In early June, the IRS issued Notice 2009-46, in which it requests comments from employers with respect to proposed changes in the rules for taxing the personal use of cell phones and similar devices. Under current rules, Internal Revenue Code § § 132 and 280(f), business use of the phone may be excluded as a working condition fringe benefit if strict recordkeeping (substantiation) requirements are satisfied. Personal use is taxed as wages subject to payroll tax withholding and W-2 reporting. As with the case of personal use of company provided automobiles, logs tracking personal and business minutes (as opposed to miles) would technically be required in order to allocate the personal versus business use.
Due to the impracticality and difficulty of complying with the current substantiation requirements, the IRS is considering adopting three possible alternative methods for imputing the taxable value of personal and cell phone use. The three methods are:
- Statistical sampling. Employees’ personal use would be measured over a certain period and that percentage would be applied to total use.
- Safe harbor.

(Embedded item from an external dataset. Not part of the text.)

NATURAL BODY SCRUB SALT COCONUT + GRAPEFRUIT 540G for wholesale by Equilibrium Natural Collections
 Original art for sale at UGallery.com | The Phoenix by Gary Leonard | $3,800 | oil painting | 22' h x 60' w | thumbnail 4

This method would allow the employer to impute 25% of the employee’s use of an employer provided cell phone as personal use subject to W-2 reporting and withholding taxes.
- Minimal personal use method. If the employee can establish that he or she maintains a separate personal non-employer provided cell phone for personal use during the employee’s workday and that the business cell phone is substantially all for business use, the employer would not be required to impute any personal use for the business phone.
As mentioned above, the IRS is seeking comments on each of the three proposed methods and other alternatives. In addition to the specific requirements of the three proposed alternative methods, the IRS is interested in what methods employers are currently using to determine the fair market value of an employee’s use of employer provided cell phones. The regulations specify that allocation of the employer’s cost as opposed to the value to the employee is not an acceptable method. The purpose of the proposed rules is to simplify compliance, according to an IRS spokesperson.
The IRS has also requested that Congress repeal the tax code provision that requires the special substantiation of cell phone usage. If Congress makes such a change, the IRS may not need to promulgate alternative methods of substantiation.